## Required work:
Where the records below show a line containing "Canon 原廠電池充電器 LC-E6E 適用LP-E6/LP-E6N", start copying; end with the line containing "МИД Украины заверяет", and copy it too.

## Exercise material:
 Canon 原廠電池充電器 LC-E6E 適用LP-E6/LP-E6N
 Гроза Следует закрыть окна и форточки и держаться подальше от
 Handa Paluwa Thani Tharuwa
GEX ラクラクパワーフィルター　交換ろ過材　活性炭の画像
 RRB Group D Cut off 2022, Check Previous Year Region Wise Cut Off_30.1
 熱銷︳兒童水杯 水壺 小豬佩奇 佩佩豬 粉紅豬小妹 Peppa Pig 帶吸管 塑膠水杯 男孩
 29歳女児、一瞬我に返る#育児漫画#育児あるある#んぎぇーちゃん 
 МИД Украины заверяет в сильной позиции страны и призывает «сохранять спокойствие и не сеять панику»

...

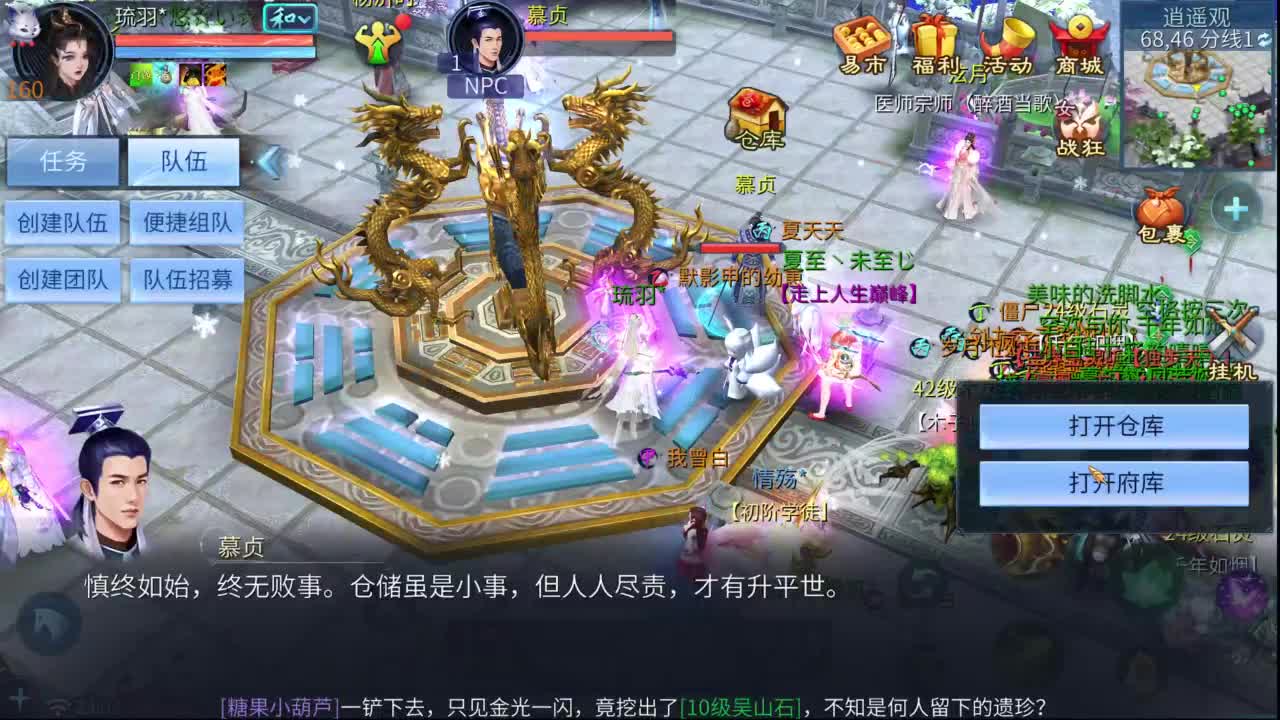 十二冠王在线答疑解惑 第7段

--

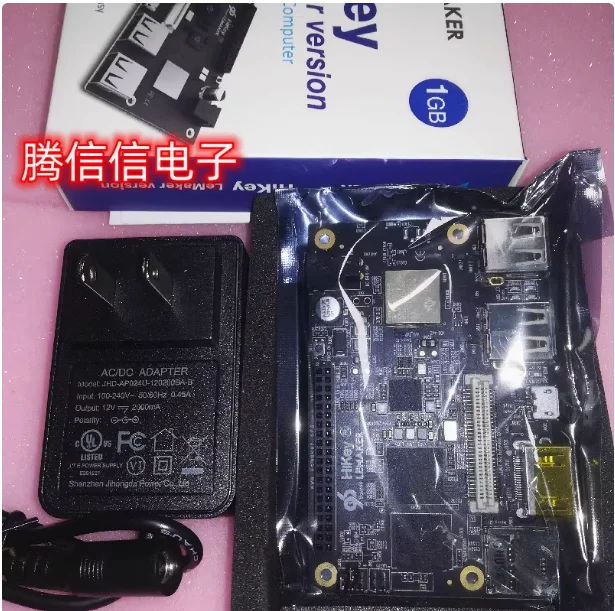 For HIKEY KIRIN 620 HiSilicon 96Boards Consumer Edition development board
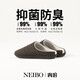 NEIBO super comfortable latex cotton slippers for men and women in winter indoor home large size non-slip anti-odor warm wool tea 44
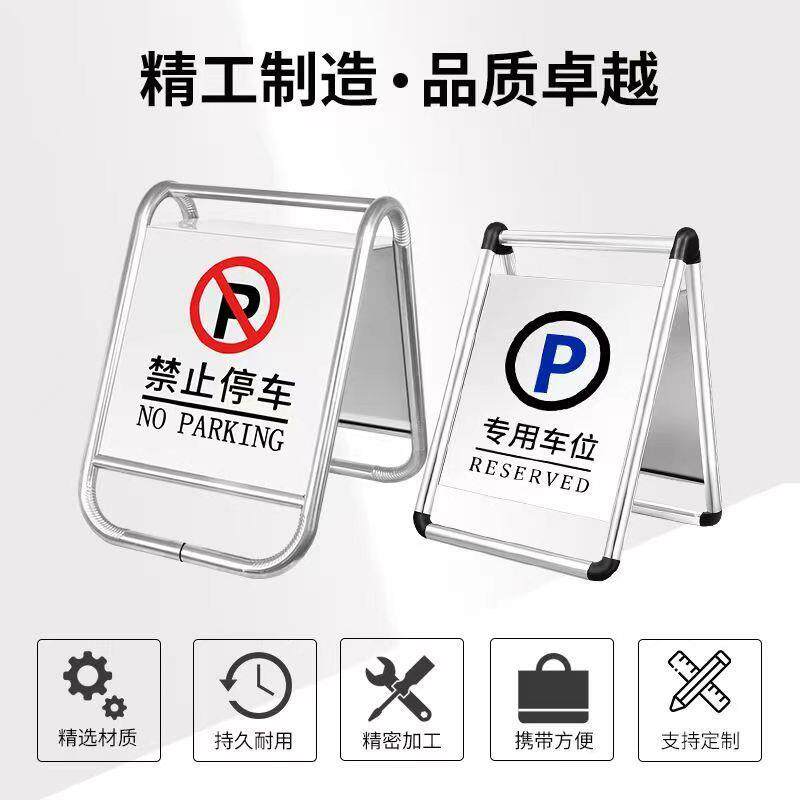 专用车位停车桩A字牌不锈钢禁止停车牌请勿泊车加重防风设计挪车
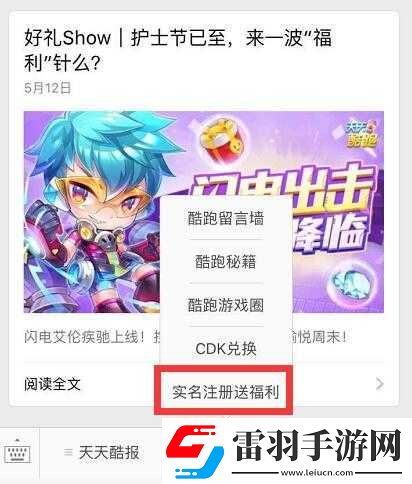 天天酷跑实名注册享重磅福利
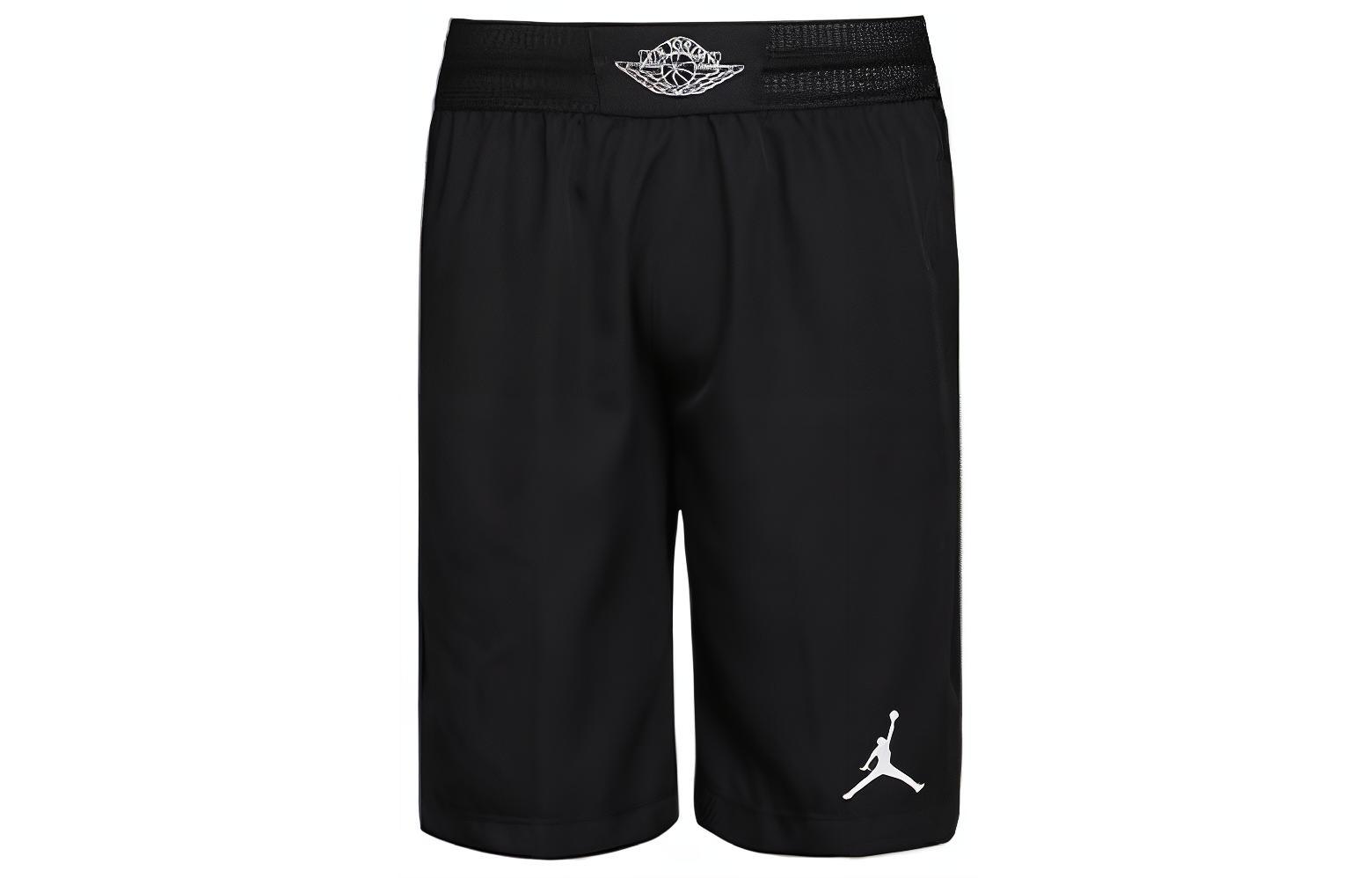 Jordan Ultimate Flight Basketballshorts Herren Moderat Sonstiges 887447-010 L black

## Your response:
 Canon 原廠電池充電器 LC-E6E 適用LP-E6/LP-E6N
 Гроза Следует закрыть окна и форточки и держаться подальше от
 Handa Paluwa Thani Tharuwa
GEX ラクラクパワーフィルター　交換ろ過材　活性炭の画像
 RRB Group D Cut off 2022, Check Previous Year Region Wise Cut Off_30.1
 熱銷︳兒童水杯 水壺 小豬佩奇 佩佩豬 粉紅豬小妹 Peppa Pig 帶吸管 塑膠水杯 男孩
 29歳女児、一瞬我に返る#育児漫画#育児あるある#んぎぇーちゃん 
 МИД Украины заверяет в сильной позиции страны и призывает «сохранять спокойствие и не сеять панику»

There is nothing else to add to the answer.